I’d arrived for my first-ever visit to the city after a 24-hour journey from my home in Brooklyn late the night before — and as elegant women wearing conical straw hats pedaled past me on bicycles weighted down by flowers and produce, I stood on a street corner there possessed of no phone, no shared language, no context, no map, no prior understanding, no deep wisdom of the culture I’d found myself in, nothing to fall back on.
Who knew what might happen next?
I was at once a little scared and a whole lot delighted.
Now, at 56, “a little scared and a whole lot delighted” is a disposition I’ve developed an unexpected propensity for in these ripe middle years of my life. This propensity is pretty much the dead opposite of what I imagined wanting for my grownup self when I was young — when I expected that certainty and tidy conclusions would surely be the rightful prizes of being a “successful adult.”
The somewhat untidy prize of divorce is one of the surprises I got instead. But the end of life as I knew it, or expected it to be, made me a little more comfortable with being uncomfortable.
So when an old journalism school friend of mine then living in Bangalore, India, suggested I consider spending a month volunteering at an extraordinary boarding school near him that educates talented children to lift them out of poverty, I hesitated only a moment, and then worked out a plan with the father of my two daughters (then 10 and 14) to do just that. (How hard it was to say goodbye to my girls, and how much I missed them! But that trip led to many return visits to the Shanti Bhavan School, and in turn, to a Netflix documentary series called Daughters of Destiny for which I was a story consultant — which is an entirely other story and yet also entirely germane, daughters and destiny and such.)

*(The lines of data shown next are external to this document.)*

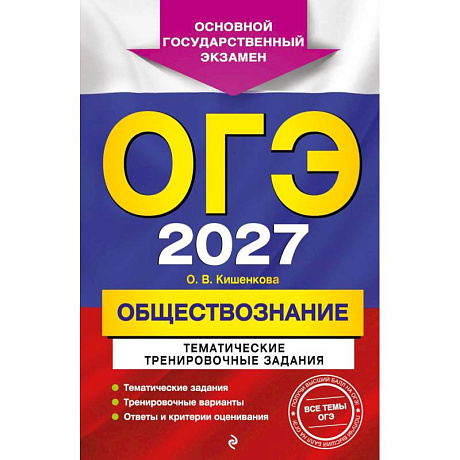 Фото ОГЭ-2027. Обществознание. Тематические тренировочные задания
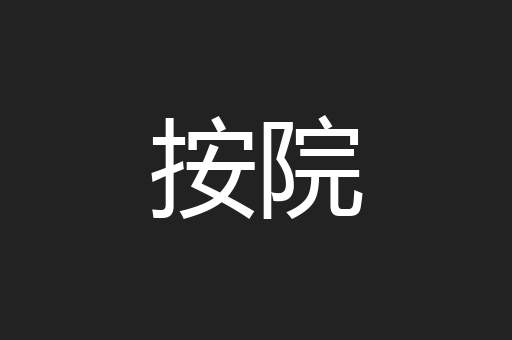 按院
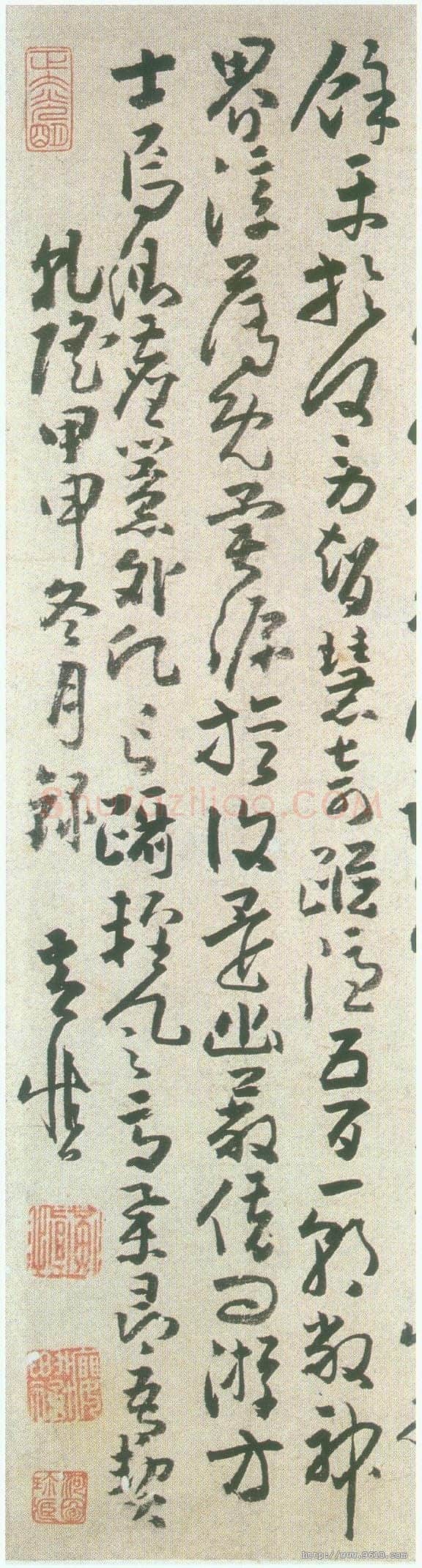 黄慎草书桃花源记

It turns out I actually liked being uncomfortable, a little lost, a little scared — because what travels along with those feelings is also wonder and openness and an intoxicating anticipation of surprises I wouldn’t even be able to imagine. Stripped of my comfortable identifiers — white middle-aged mother, educated, fortunate, and yes, comfortable — I found there were more parts of me to discover than I had known. Not least the part of me who loves adventure, and meeting people who are not like me at all, and yet so much like me in our shared humanness.

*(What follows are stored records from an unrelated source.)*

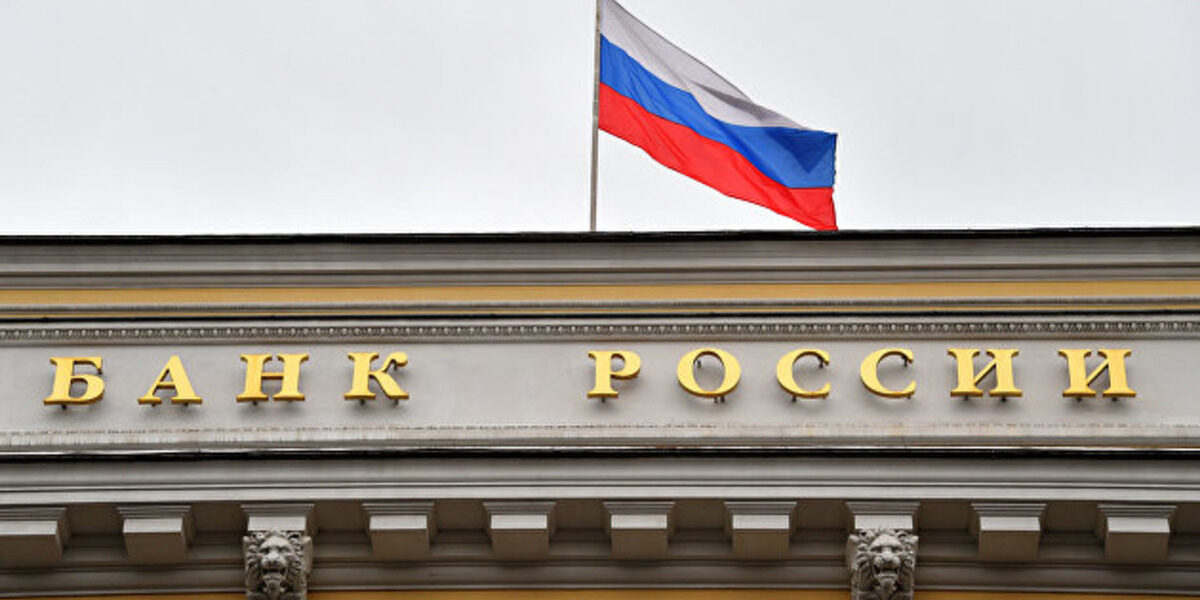 Международные резервы России за неделю выросли на ,5 миллиардов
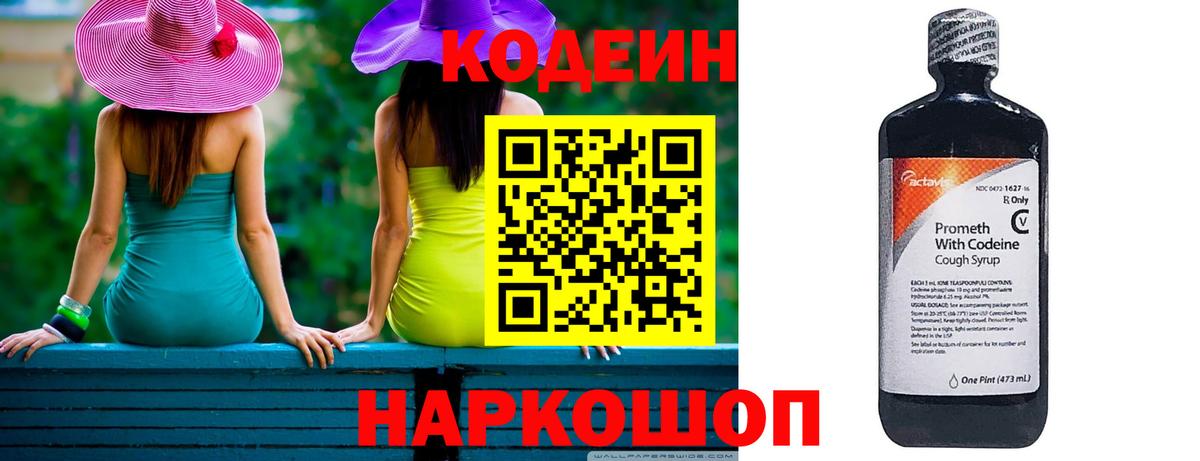 Кодеин напиток Lean (лин)  Вход с VPN  Чехов  Кодеин напиток Lean (лин) 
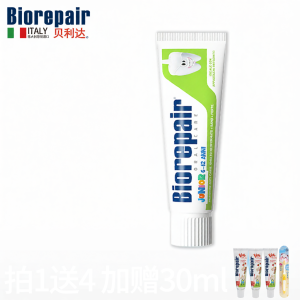 Baileda Childrens Toothpaste Fluoride-Free Dental Care for Ages 6-12 Tooth Enamel Protection against Cavity Italian Made 75ml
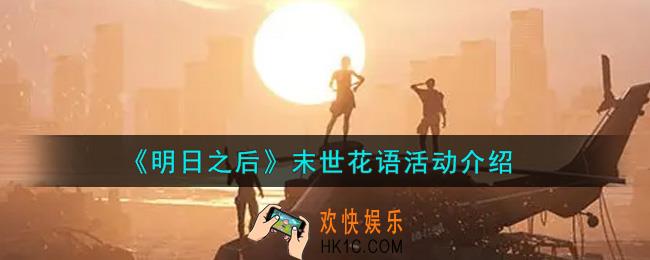 明日之后末世花语活动内容奖励详解_末世花语活动介绍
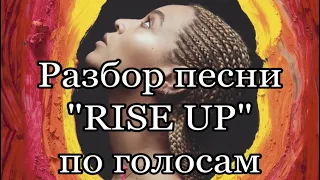 Разбор по голосам песни «RISE UP” BEYONCÉ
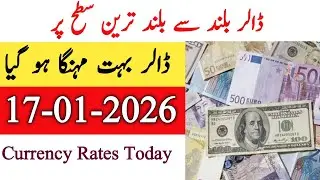 Currency rates Today in Pakistan |Dollar Rate Today |Today Dollar Rate in Pakistan 14 January 2026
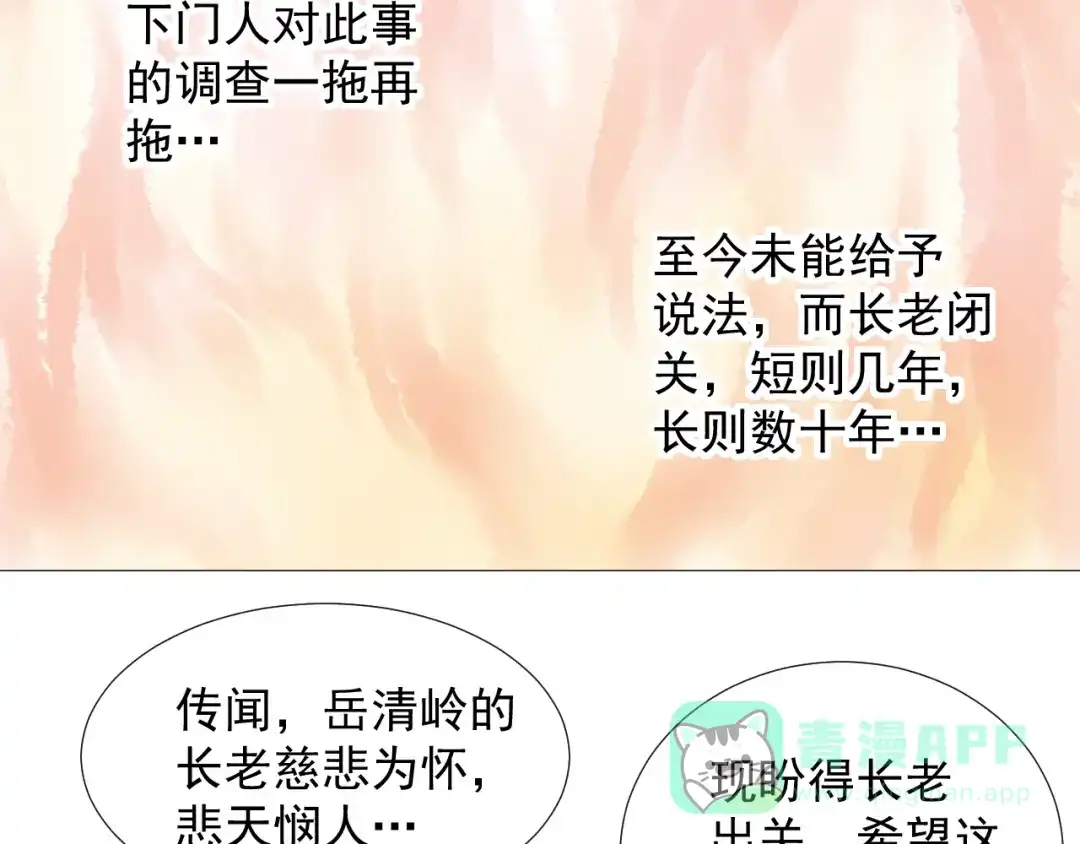 剑魂录 第七话 第46页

So when someone at a dinner party (I forget who) mentioned a year or two later that Guatemala’s Lake Atitlan was the most magical place he’d ever visited, I thought to myself: why not book a solo trip to see for myself?
Initially, my trip wasn’t so magical. I spent New Year’s Eve alone in a wee San Marcos la Laguna hotel room, terribly sick and feeling lonely and sorry for myself. The next day I felt better, so I headed into town and randomly pulled from a telephone pole the tacked-on name of a healer. She was offering private sessions for a service I didn’t quite understand but which sounded promising. Soon thereafter I made my way up the hill amidst chickens and barking dogs to her little house, and spent the next couple hours with a woman (her name is Edith Boyer-Telmer) having an experience that lifted me in a way I’ll never forget.
Launching myself into the unexpected began to seem worthwhile.
When last January a random houseguest (the friend of a friend and someone I’d never before met) mentioned during her sole overnight with me that she led travel experiments for hand-selected groups of women that she called “Inquiry Pop-Ups,” and would I like to be partake of her next experiment on a sailing trip in Greece?, naturally I said yes.
And last June I found myself jumping naked off a small boat in the Saronic Islands with eight extraordinary women aged 31 to 68, nearly all of whom started off the week as strangers to me.
My favorite Tibetan monk, Pema Chodron, has observed this: “To be fully alive, fully human and completely awake is to be continually thrown out of my nest.”
I’ve come to realize that all my peak moments have come from either *being* thrown out of the nest (my divorce being one such moment) — or throwing myself out of it.
Chances are, by the time we’ve hit middle age, life has already broken our hearts. We’ve seen a marriage end, or ourselves go broke, or our once sparkly careers turn to something gray and shriveled, or our children meet with hurt we can try to support but are not able to rescue them from. We’ve seen loved ones die tragically and before their time, and we’ve learned that life is often not just, no matter how hard we might go trying to do the right thing.
And still. We’re here, we’re still here. How shall we respond? What shall we do with what life does to us?
On my connecting flight from Dubai yesterday — because of course I am off again, into the wilds of the world — I sat next to a woman from Denmark named Anja. Anja, it turned out, is 56 just like me. When I moved past her to claim my window seat at the beginning of our journey, I also happened to notice that Anja was missing her lower left leg and her lower right arm.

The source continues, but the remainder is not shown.